Yani onların zürriyetlerini (nesillerini, soylarını) diyor. Yani nesil benesil,
asır beasır gelen soylarını... diyor.
Nitekim Allah Teâla bir diğer ayet-i kerimede: "Sizi yeryüzünde halifeler
kılmış olan O'dur..." (En'am: 6/165) buyurmaktadır. Yine bir diğer âyet-i
kerimede: "Başka bir kavmin zürriyetinden sizleri meydana getirdiği gibi..."
(En'âm: 6/133) buyuruyor. Ve ayrıca diyor ki: "Onları kendilerine karşı şâhid
tutarak Rabbiniz değil miyim diye şâhid tuttuğu vakit evet! dediler..."
buyurarak, insanları şâhid tuttuğunu ve onlardan "evet!" diye tasdik aldığını
bildiriyor. Yani Allah, böylece insanları bu meseleye şahidler kılıyor. Ancak
insanların "evet" demeleri halleriyle ve dilleriyle yaptıkları bir konuşmadır.
Aslında şehâdet de iki çeşittir:
1- Bazan
kavlî (yani sözle) olur, şu âyette böyle kavlî bir şehâdet mevzubahistir:
"...Ey Rabbimiz, diyecekler, nefislerimize karşı şâhidlik ederiz..." (En'âm:
6/130).
2-
Şehâdet bazan "hal"le olur. Buna lisan-ı hal de denir. Şu âyet bunun örneğidir:
"Küfürlerine kendileri şahid olup dururken, müşriklerin Allah'ın mescidlerini
imâr etmelerine (imkân) yoktur..." (Tevbe: 9/17). Burada onların hâli
küfürlerine şehâdet etmektedir, yoksa kafir olduklarını dilleriyle söylüyor
değiller. Keza şu âyet de bu mânadadır: "Doğrusu kendisi de bunların hepsine
şâhiddir" (Adiyat: 100/7).
Keza, sual de bazan sözle, bazan halle olur. Şu ayet bunu gösterir:
"Kendisinden isteyebileceğiniz herşeyi size vermiştir" (İbrahim: 14/34).
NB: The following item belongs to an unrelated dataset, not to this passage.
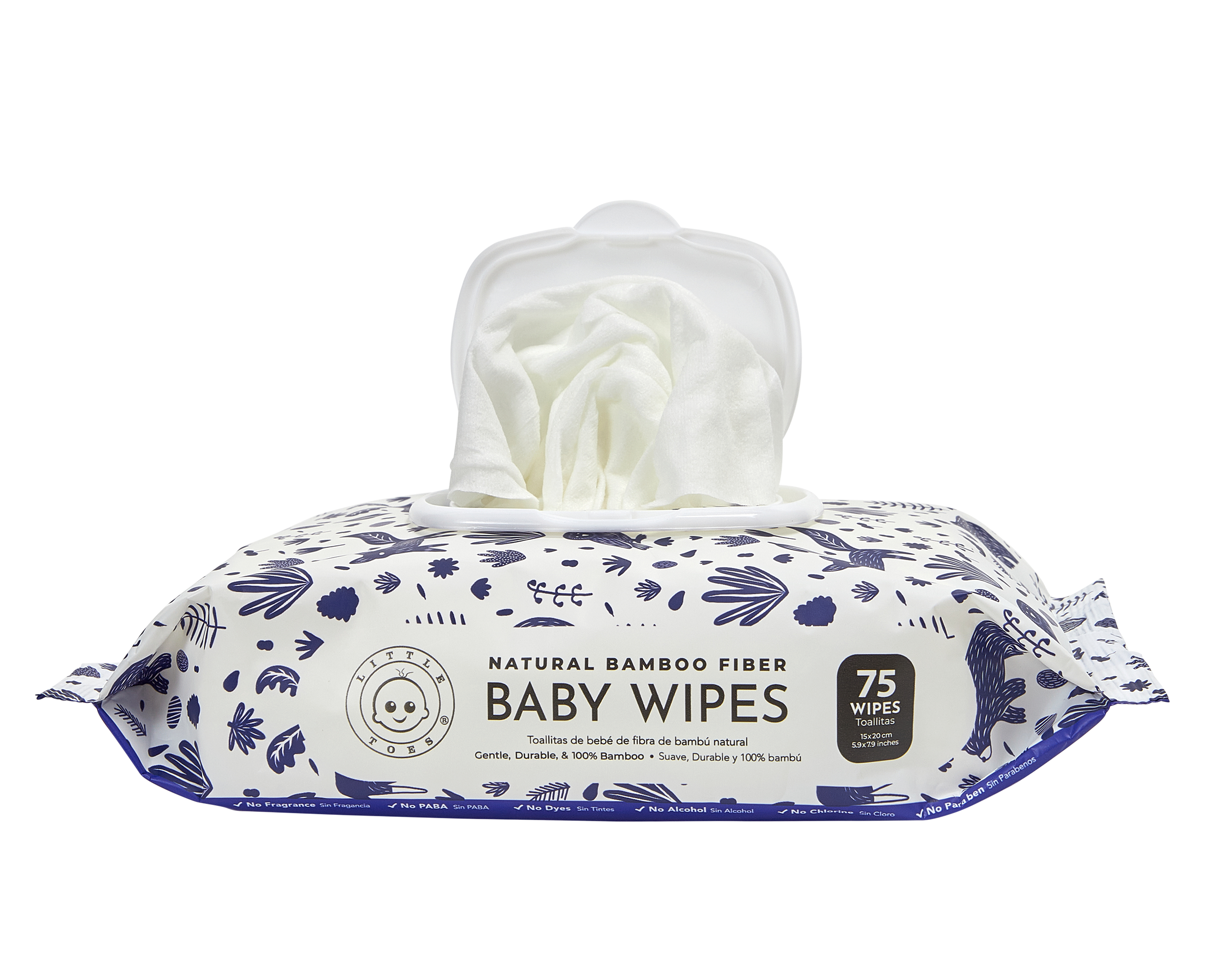 Baby Wipes- Pack of 75 Woodland – Little Toes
Alimler demişlerdir ki: Misak âyetinde kastedilen mânanın söylediğimiz husus
olduğuna dâir gösterilebilecek delillerden biri de, Cenâb-ı Hakk'ın bu şehâdeti,
onların şirke düştükleri hususunda aleyhlerine bir hüccet olarak kullanmasıdır.
Bu şehâdet, şâyet bazılarının dediği gibi, (kavlî olarak) vuku bulsaydı,
aleyhine hüccet olması için herkesin bunu hatırlaması gerekirdi.
Şayet şöyle denecek olursa: "Resûlullah (aleyhissalâtu vesselâm)'ın ona haber
vermiş olması, onun varlığı için yeterli bir delildir." Biz bu söze şöyle cevap
veririz: "Müşriklerden tekzib edenler, peygamberlerin getirdiği bu ve başka her
şeyi tekzib etmektedirler. Halbuki bunu tekzibleri, aleyhlerine müstakil bir
hüccet kılınmıştır. Şu halde, bu hal delâlet eder ki, "insanların üzerine
yaratılmış oldukları fıtrat'tan maksad "tevhidi ikrâr"dır (yani insanların
tevhidi anlayıp, tasdik edebilecek bir fıtratta yaratılmış olmalarıdır). Bu
sebepten dolayıdır ki, âyette: "Kıyâmet günü: "Bizim tevhidden haberimiz yoktu"
veya "Bizden önce atalarımız şirke düşmüş biz onlardan sonra geldik, onların
yaptığı sebebiyle bizi helak mı edeceksin? demiyesiniz" buyurulmuştur.